+++ DATA RECORDS +++

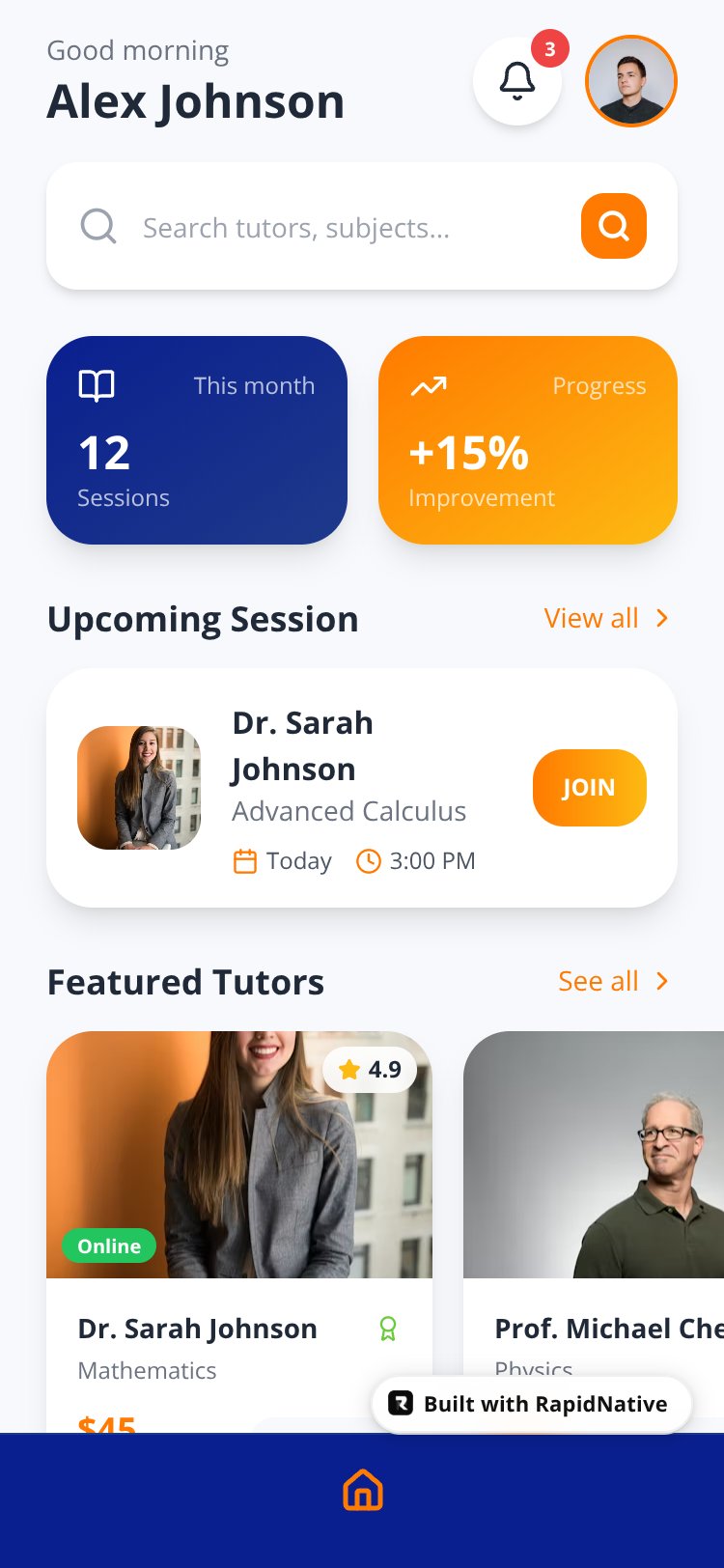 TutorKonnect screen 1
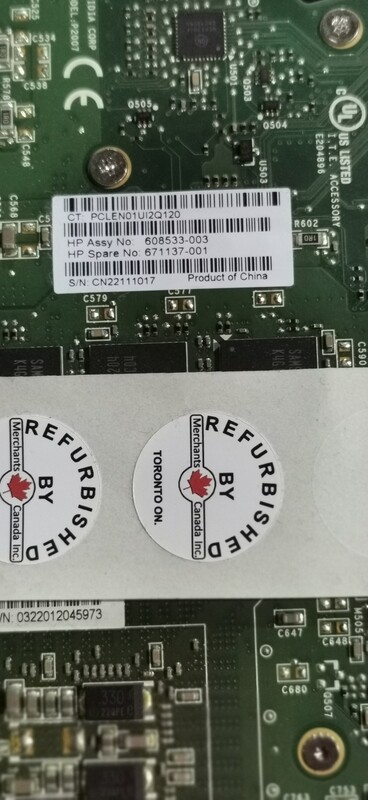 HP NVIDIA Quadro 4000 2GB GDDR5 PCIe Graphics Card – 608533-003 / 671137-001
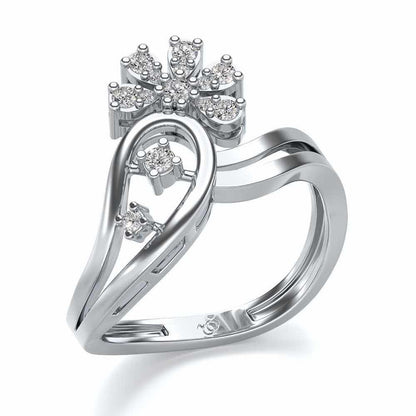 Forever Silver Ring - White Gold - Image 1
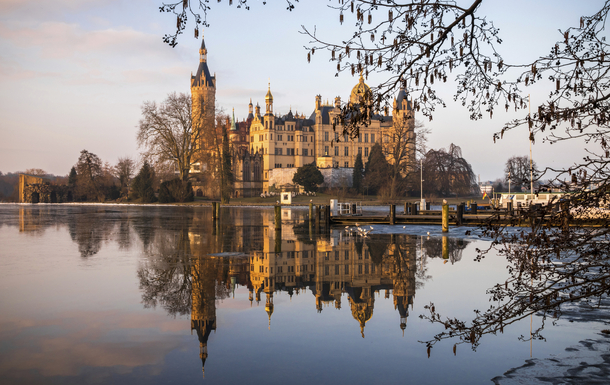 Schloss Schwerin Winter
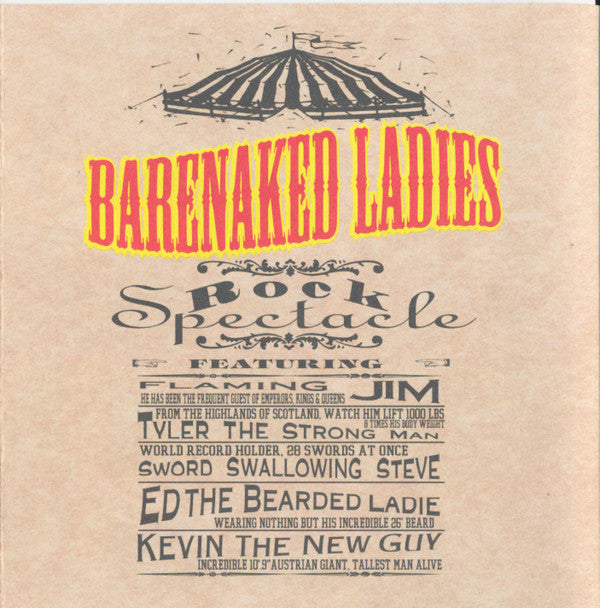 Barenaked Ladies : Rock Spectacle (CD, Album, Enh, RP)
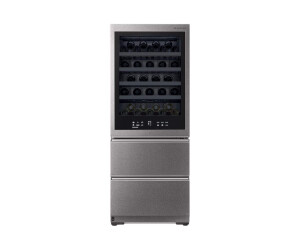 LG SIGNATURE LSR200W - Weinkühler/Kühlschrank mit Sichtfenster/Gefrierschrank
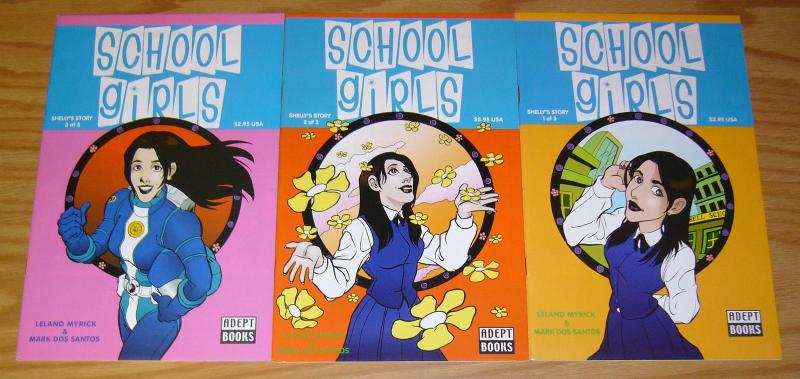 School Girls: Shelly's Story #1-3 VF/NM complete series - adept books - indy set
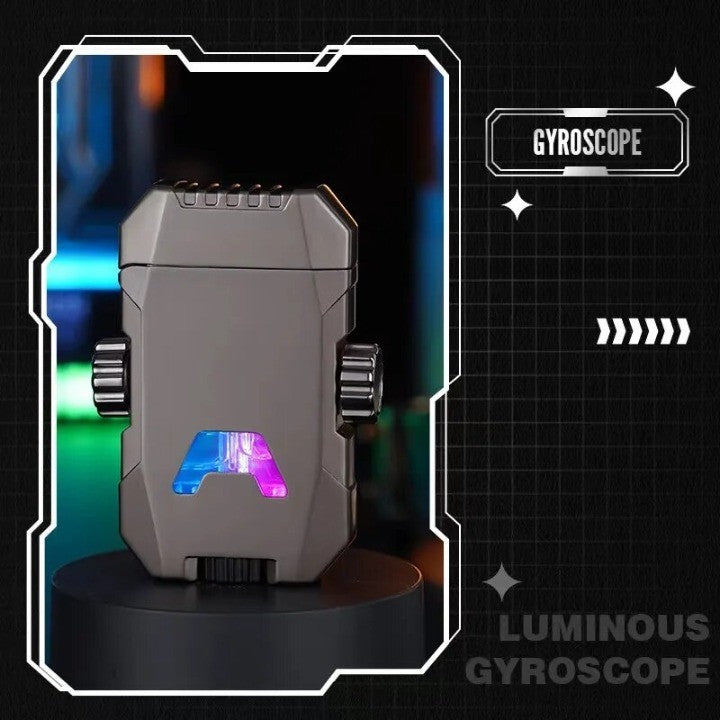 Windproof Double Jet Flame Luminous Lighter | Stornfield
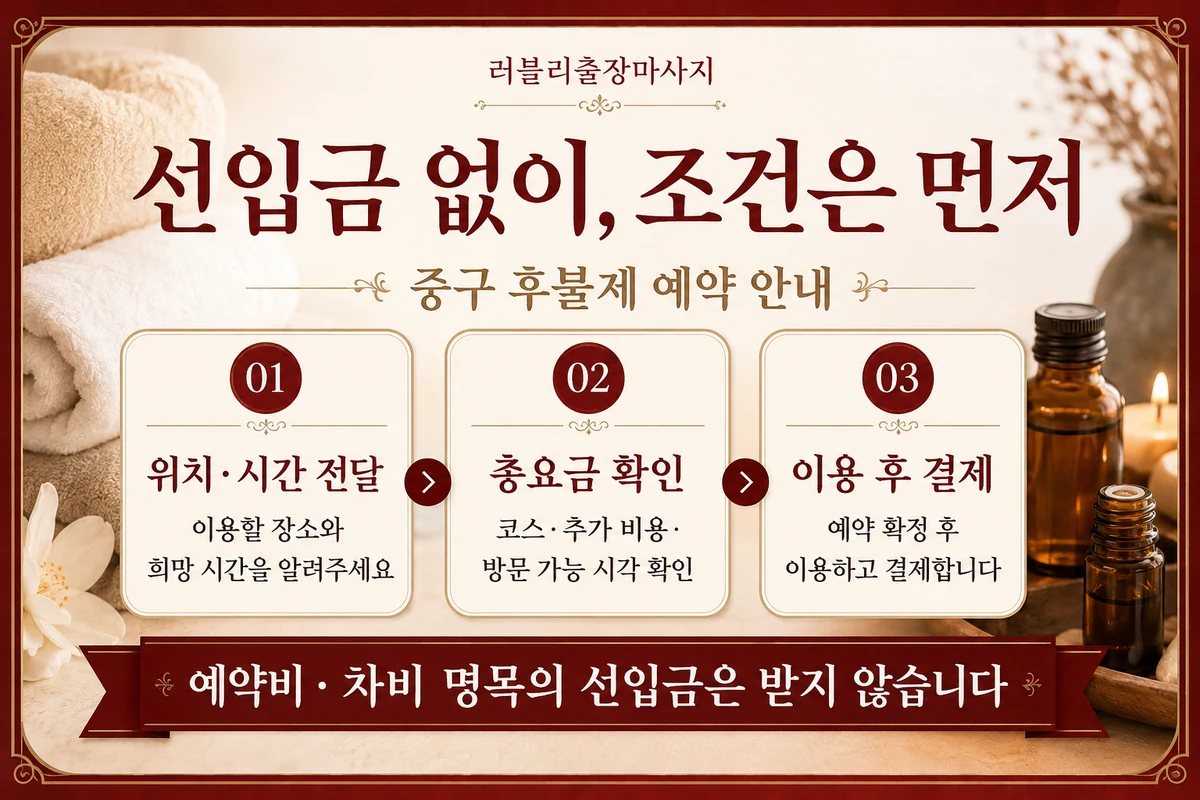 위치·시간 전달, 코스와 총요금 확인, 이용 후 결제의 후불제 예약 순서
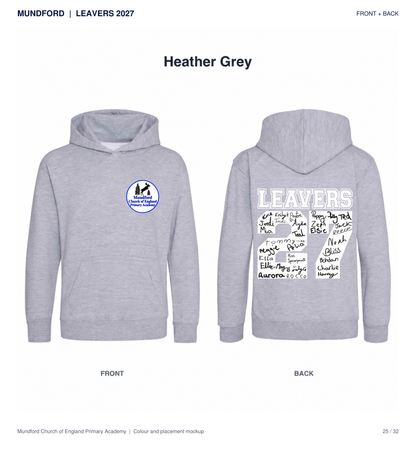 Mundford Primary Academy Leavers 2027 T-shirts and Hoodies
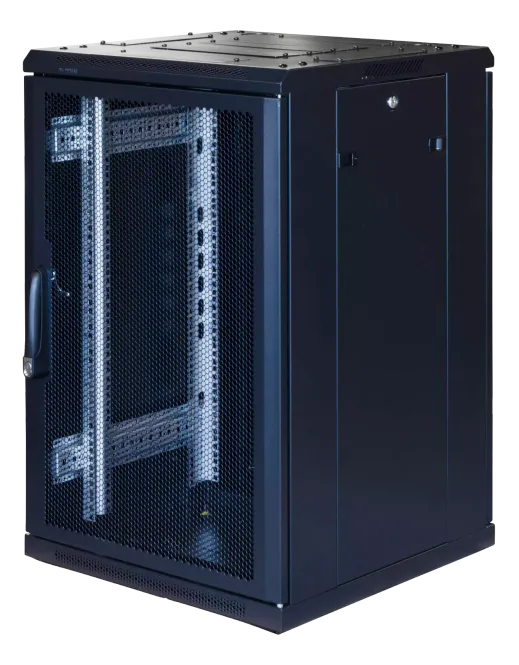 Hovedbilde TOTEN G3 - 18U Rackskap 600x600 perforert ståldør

+++

▸ **TO DO**
In your copy, restate the data above word for word but leave out any picture.

▸ **TASK RESPONSE**
 TutorKonnect screen 1
 HP NVIDIA Quadro 4000 2GB GDDR5 PCIe Graphics Card – 608533-003 / 671137-001
 Forever Silver Ring - White Gold - Image 1
 Schloss Schwerin Winter
 Barenaked Ladies : Rock Spectacle (CD, Album, Enh, RP)
 LG SIGNATURE LSR200W - Weinkühler/Kühlschrank mit Sichtfenster/Gefrierschrank
 School Girls: Shelly's Story #1-3 VF/NM complete series - adept books - indy set
 Windproof Double Jet Flame Luminous Lighter | Stornfield
 위치·시간 전달, 코스와 총요금 확인, 이용 후 결제의 후불제 예약 순서
 Mundford Primary Academy Leavers 2027 T-shirts and Hoodies
 Hovedbilde TOTEN G3 - 18U Rackskap 600x600 perforert ståldør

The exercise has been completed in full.